La notion de données personnelles est réduite puisqu’elle ne comprend plus les personnes morales, mais uniquement les personnes physiques (art. 5 let. a nLPD). L’auteur souligne néanmoins que la nLPD pourrait s’appliquer par analogie aux personnes morales en raison de l’art. 28 CC.
La notion de consentement n’a pas été modifiée. Rosenthal note cependant que plus le traitement entraîne de risques pour les personnes concernées, plus les exigences de validité de consentement sont élevées. Le législateur n’a par ailleurs pas voulu que certains traitements nécessitent toujours le consentement de la personne concernée.
Les principes généraux de la nLPD, tout comme les motifs justificatifs, correspondent, du moins en grande partie, aux principes et motifs justificatifs actuels (art. 6 et 31 nLPD).
Le législateur a introduit les concepts de privacy by design et de privacy by default (art. 7 nLPD). La violation de ces deux principes n’entraîne néanmoins pas de sanction directe, si ce n’est que le Préposé pourra ordonner au responsable du traitement de mettre en œuvre ces principes.
La notion de « décision individuelle automatisée » est également nouvelle (art. 21 nLPD), bien qu’elle soit connue depuis longtemps en Europe. Selon Rosenthal, elle ne joue cependant pas un rôle important en pratique. L’idée sous-jacente est que les machines ne devraient pas décider pour les humains, à tout le moins lorsqu’il s’agit de décisions importantes. Une « décision individuelle automatisée » reste néanmoins valable, mais le législateur octroie dans ce cas à la personne concernée un droit d’être entendu par un être humain.
Concernant le nouveau droit d’accès (art. 25 nLPD), l’auteur souligne que le Parlement l’a volontairement limité afin qu’il serve uniquement un but en lien avec la protection des données. Le droit d’accès ne devrait ainsi pas permettre au requérant de se procurer des moyens de preuve afin d’invoquer des prétentions à l’encontre du responsable du traitement (cf. également la contribution du soussigné à ce sujet : L’accès aux données d’une procédure au regard de la LPD, Une tentative abusive de Pre-Trial Discovery ?). Le responsable pourrait ainsi s’opposer au droit d’accès lorsqu’il prouve que ce droit est manifestement utilisé dans un autre but que celui de la protection des données.

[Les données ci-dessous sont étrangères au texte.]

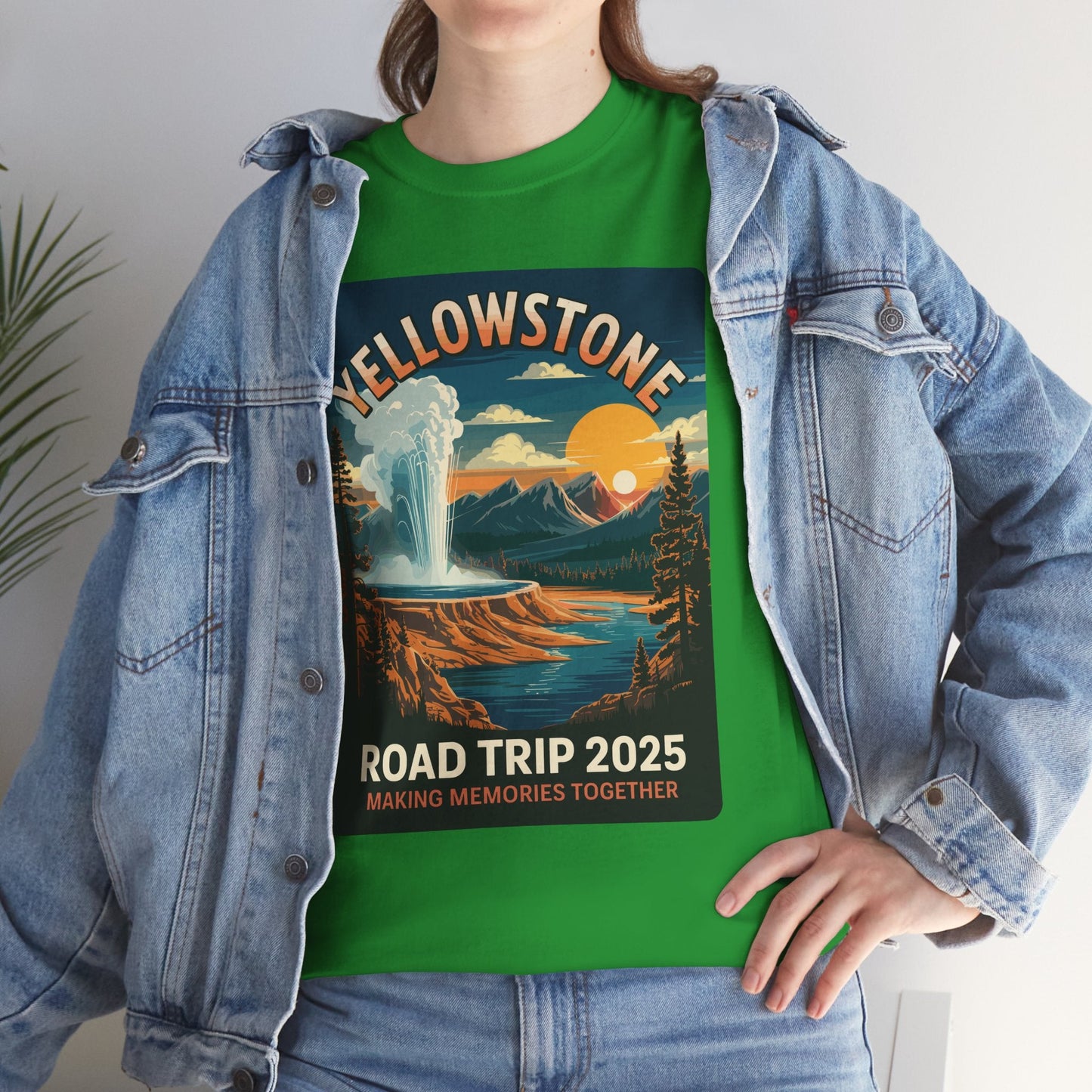 Yellowstone Family Road Trip 2025 National Park Outdoor T-Shirt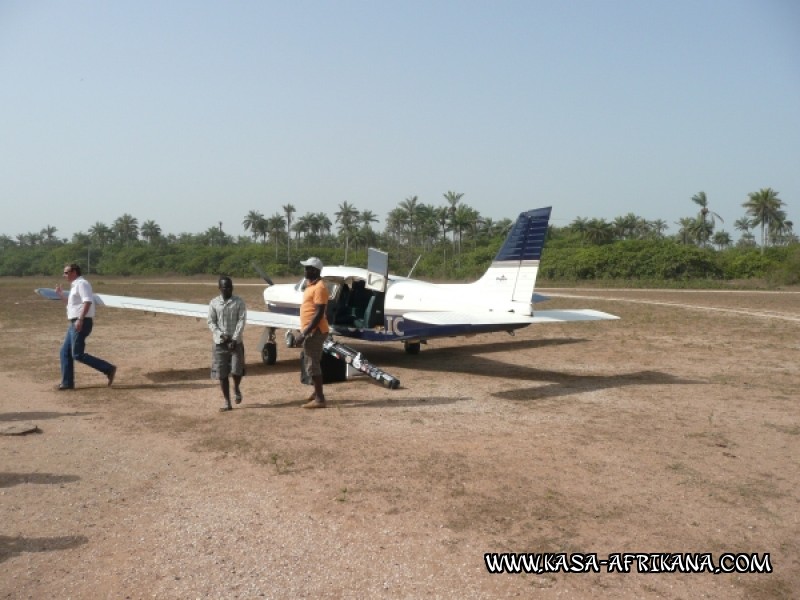 Photos de l'archipel Bijagos Guine Bissau : Pittoresque - Avion Bissau . Bubaque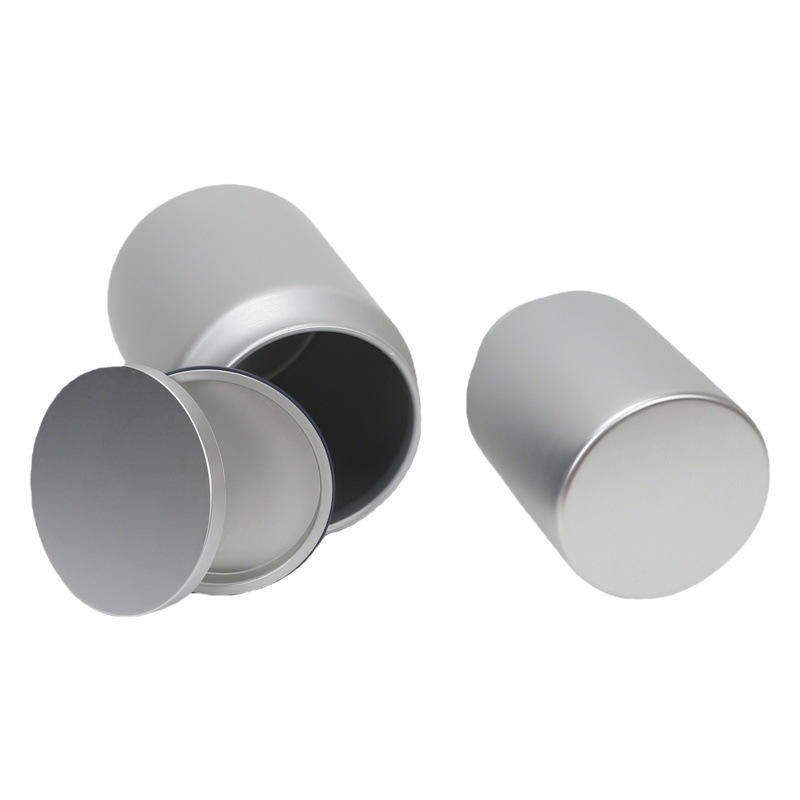 Fábrica directa Pu'er té blanco tarro de aluminio tarro de té grande té negro grande metal sellado tarro almacenamiento té cubo image 1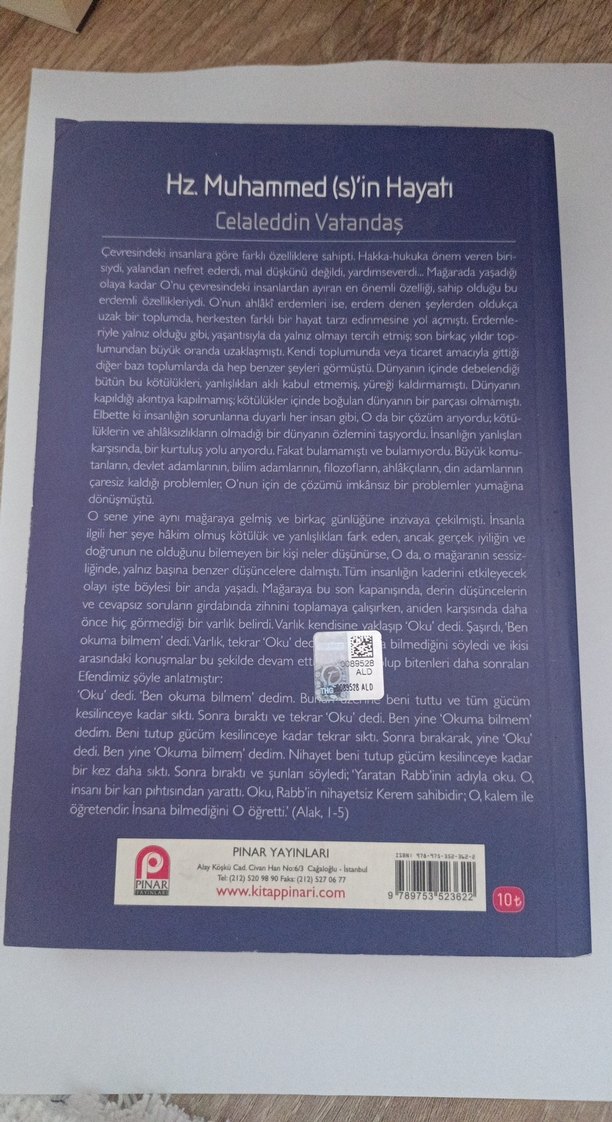 Hz. Muhammed'in Hayatı - Celaleddin Vatandaş - Görsel 2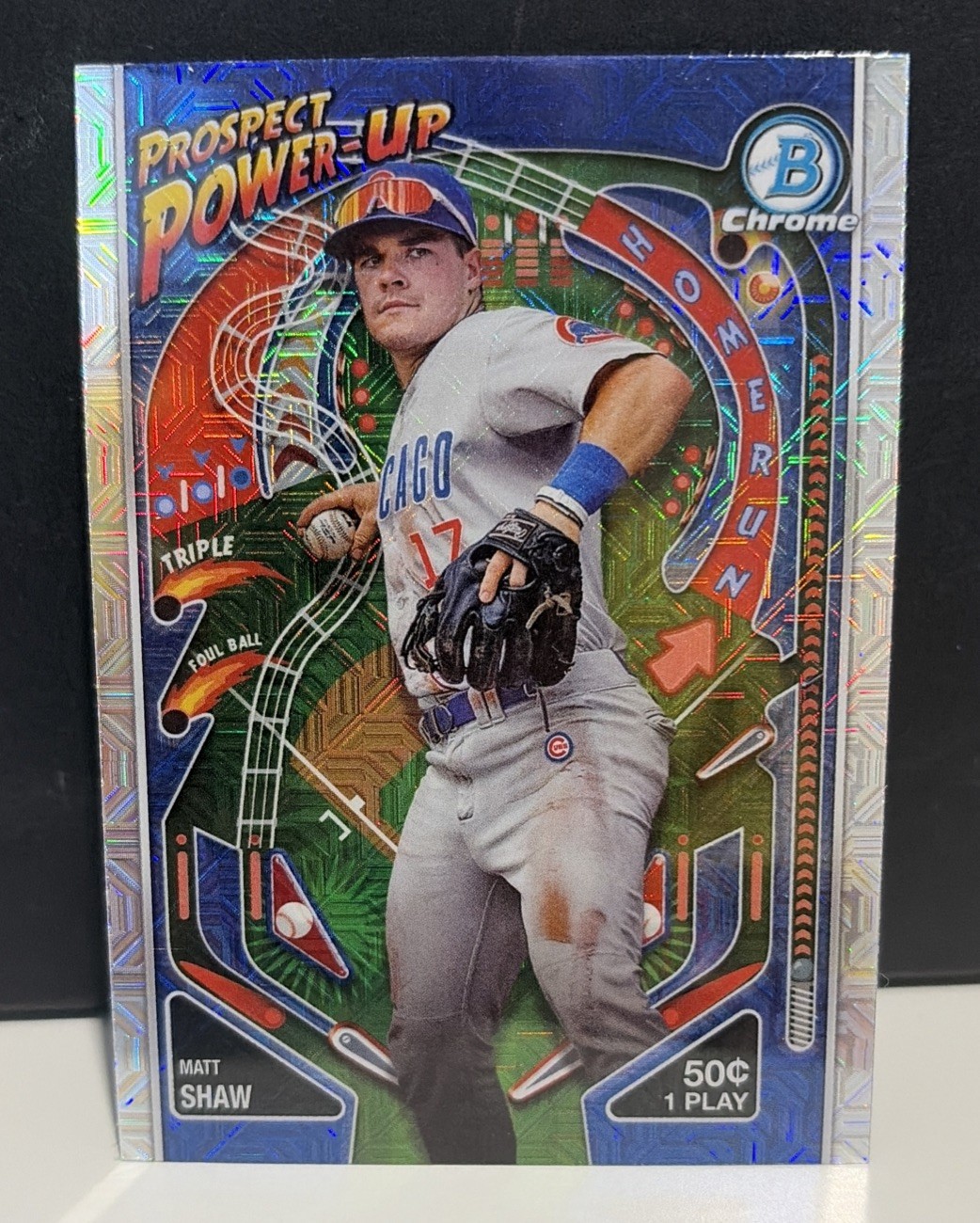 2024 Bowman Chrome Mojo Refractor Prospect Power-Up Matt Shaw PP-16 Chicago Cubs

Le « droit à la remise ou à la transmission des données personnelles » (art. 28 nLPD), aussi appelé droit à la portabilité des données, ne concerne en réalité non pas la protection des données, mais bel et bien la protection des consommateurs. Il ne joue cependant en pratique qu’un rôle minime.

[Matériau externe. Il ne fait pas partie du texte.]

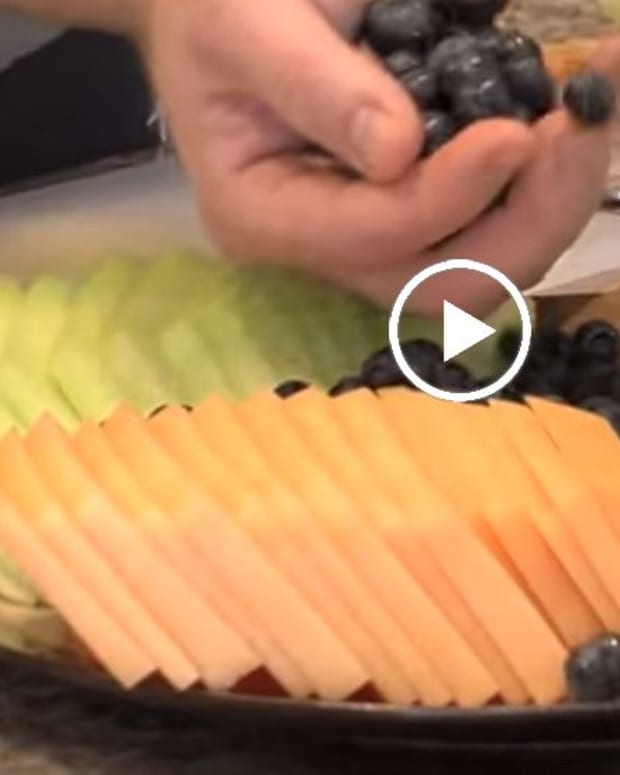 How To Cut and Plate a Melon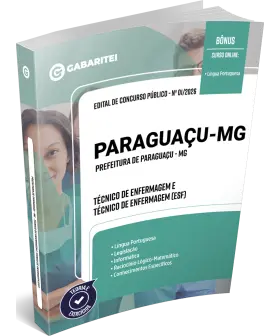 Capa: Apostila Prefeitura de Paraguaçu - MG - Técnico de Enfermagem e Técnico de Enfermagem (ESF)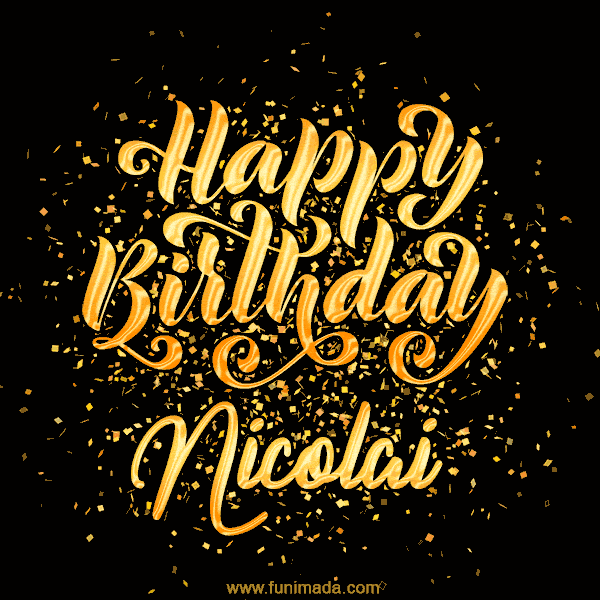Happy Birthday Card for Nicolai - Download GIF and Send for Free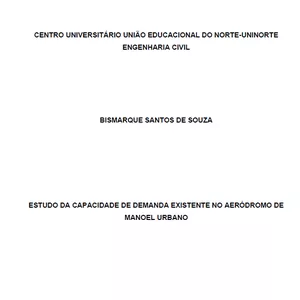 Imagem de capa para o Ebook ESTUDO DA CAPACIDADE DE DEMANDA EXISTENTE NO AERÓDROMO DE MANOEL URBANO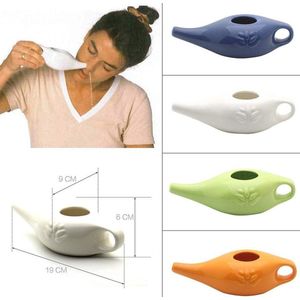Keramische Neti Pot Professionele Nasale Irrigatie Yoga Comfortabele Uitloop - Sinus Rhinitis Allergie590717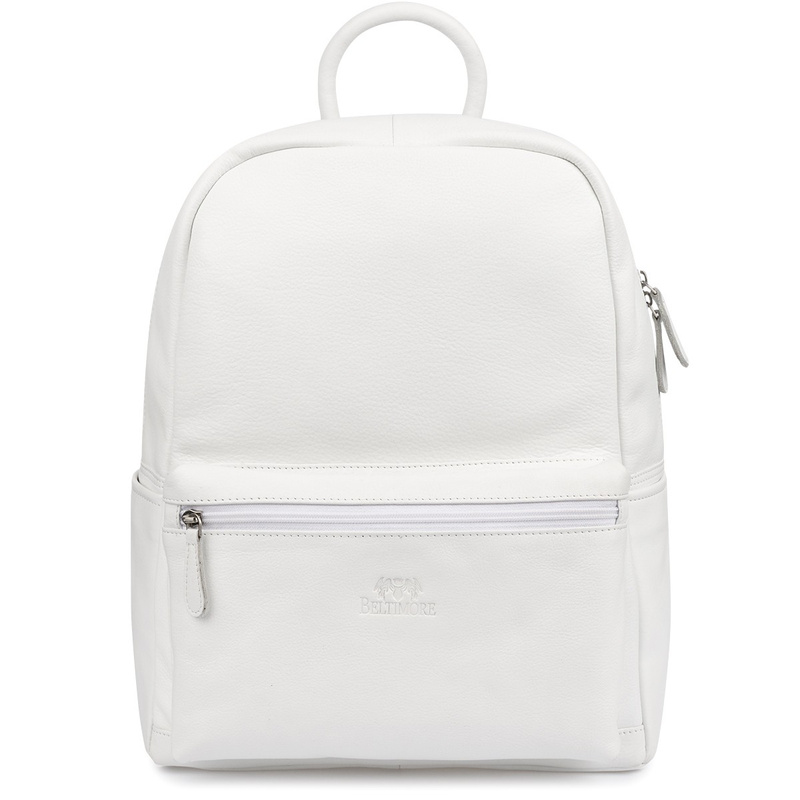 Skórzany plecak A4 duży pojemny do szkoły Włoski P16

Concernant les codes de conduite (art. 10 nLPD), David Rosenthal souligne que le législateur n’a malheureusement pas prévu d’incitations suffisantes pour créer une véritable autorégulation. L’auteur souligne par ailleurs que la certification prévue par l’art. 13 nLPD a pour sa part un rôle important en matière de sécurité des données, p.ex. grâce au standard ISO-27001.

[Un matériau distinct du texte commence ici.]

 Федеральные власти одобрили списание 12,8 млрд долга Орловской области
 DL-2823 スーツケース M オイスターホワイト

S’agissant des sanctions, elles sont de nature pénale et visent les personnes physiques, contrairement au RGPD qui vise principalement les entreprises avec une amende de nature administrative. En pratique, Rosenthal prévoit que les procédures pénales concerneront principalement les violations du droit d’accès, du devoir d’information et des transferts de données à l’étranger.
Enfin, Rosenthal examine la « violation du devoir de discrétion » prévue par l’art. 62 nLPD. Cette norme sanctionne d’une amende de 250 000 francs au plus quiconque révèle intentionnellement des données personnelles secrètes portées à sa connaissance dans l’exercice d’une profession qui requiert la connaissance de telles données. Cette norme est extrêmement large, car elle vise chaque personne qui exerce une profession et toutes les données personnelles qu’il traite, à condition qu’elles soient secrètes (notion qui correspond à celle prévue à l’art. 321 CP).
L’article de David Rosenthal constitue ainsi un must read pour toute personne désirant se familiariser avec cette nouvelle loi sur la protection des données.